# Creating your own dataset from Google Images

*by: Francisco Ingham and Jeremy Howard. Inspired by [Adrian Rosebrock](https://www.pyimagesearch.com/2017/12/04/how-to-create-a-deep-learning-dataset-using-google-images/)*

This is part of Lesson 2 of the fast.ai V3 Classes. This is **not** the original notebook. It is my version with my notes and changes as I work throught he classes.

This notebooks hows how to create an image dataset through Google Images.

The next cell was not part of Jeremy's original notebook.
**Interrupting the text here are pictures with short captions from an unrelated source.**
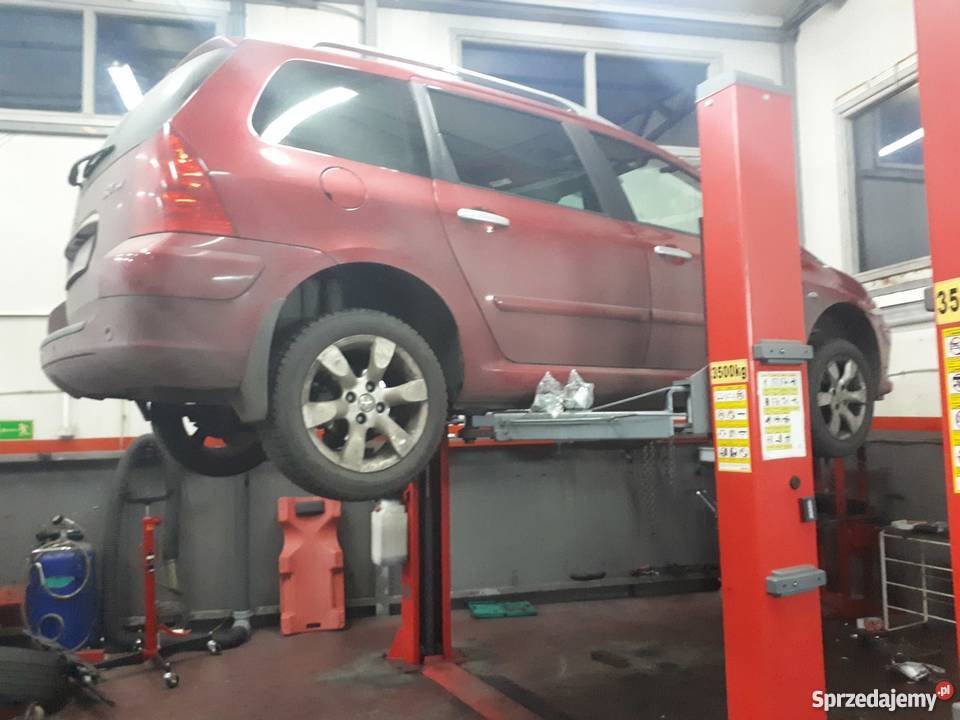 Warsztat Service Samochodowy Mechanika Elektryk Warszawa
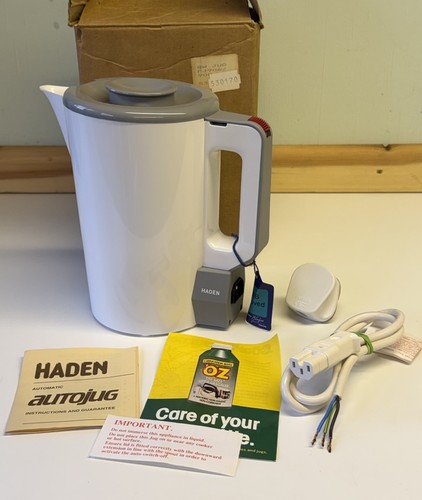 Vintage late 80s haden autojug - vintage,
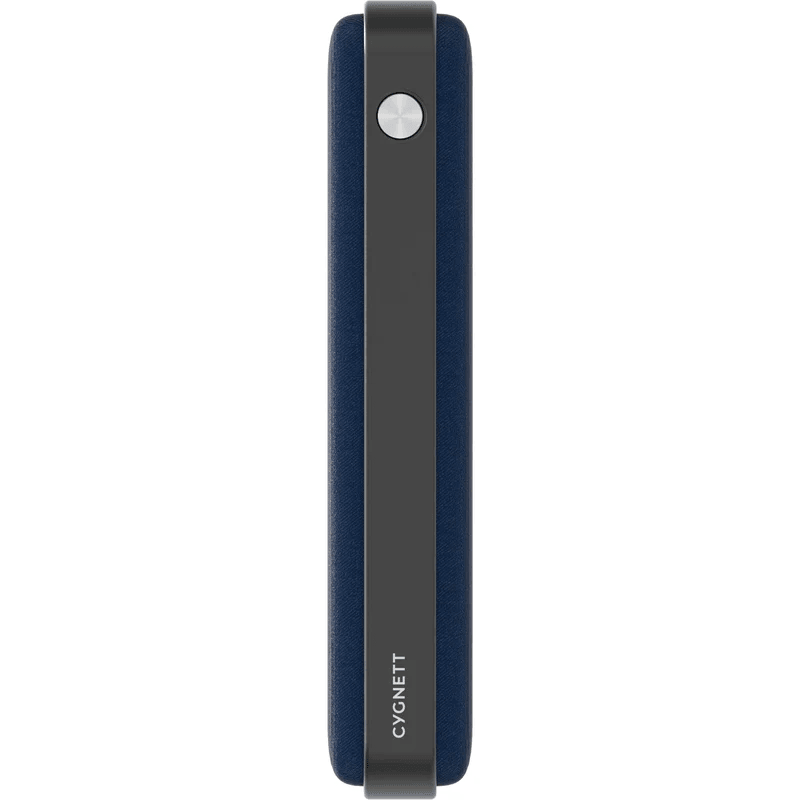 Cygnett ChargeUp Reserve 2nd Generation 20,000 mAh Power Bank - Blue - Marknet Technology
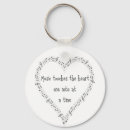 Search for touches keychains Heart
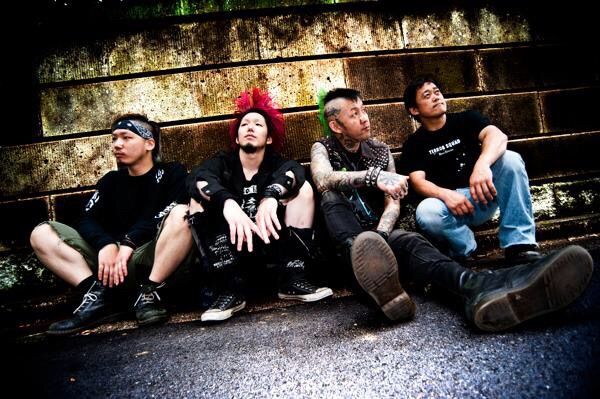 KEN YOKOYAMA「DEAD AT BUDOKAN RETURNS」@日本武道館 : JUST
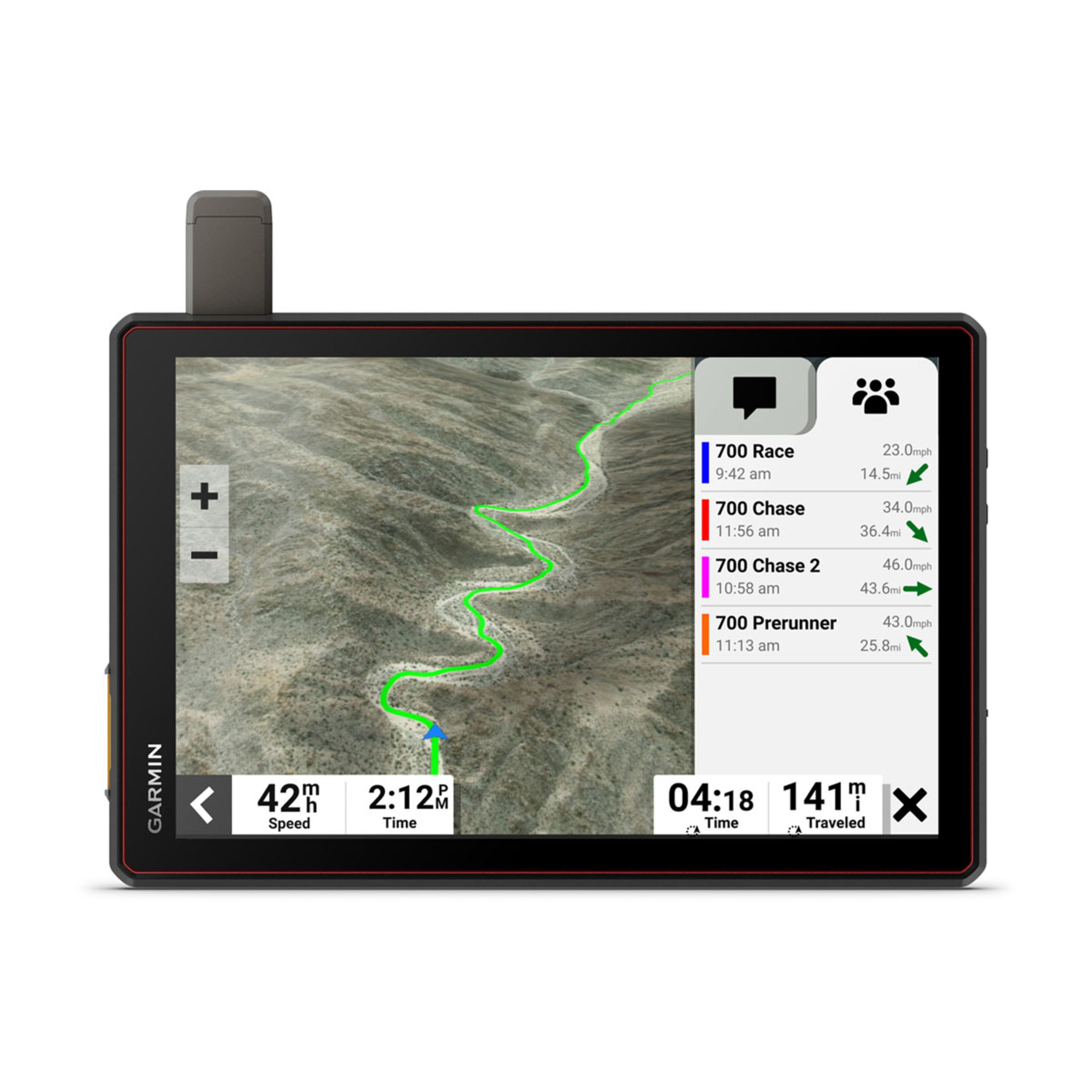 Garmin Tread Xl - Baja Chase Edition | Baja Racing Gps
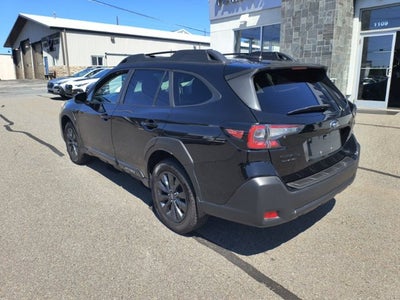 2023 Subaru Outback Onyx Edition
It has to be added, specially the `matplotlib` magic so that the images display in the notebook.

In [None]:
%reload_ext autoreload
%autoreload 2
%matplotlib inline

In [None]:
from fastai.vision import *

## Get a list of URLs

### Search and scroll

Go to [Google Images](http://images.google.com) and search for the images you are interested in. The more specific you are in your Google Search, the better the results and the less manual pruning you will have to do.

Scroll down until you've seen all the images you want to download, or until you see a button that says 'Show more results'. All the images you scrolled past are now available to download. To get more, click on the button, and continue scrolling. The maximum number of images Google Images shows is 700.

It is a good idea to put things you want to exclude into the search query, for instance if you are searching for the Eurasian wolf, "canis lupus lupus", it might be a good idea to exclude other variants:

    "canis lupus lupus" -dog -arctos -familiaris -baileyi -occidentalis

You can also limit your results to show only photos by clicking on Tools and selecting Photos from the Type dropdown. **Note** This actually improved the quality of the data I got as it removed GIFs and other non-picture items.

### Download into file

**NOTE**

These instructions have only been tested in the Chrome browers.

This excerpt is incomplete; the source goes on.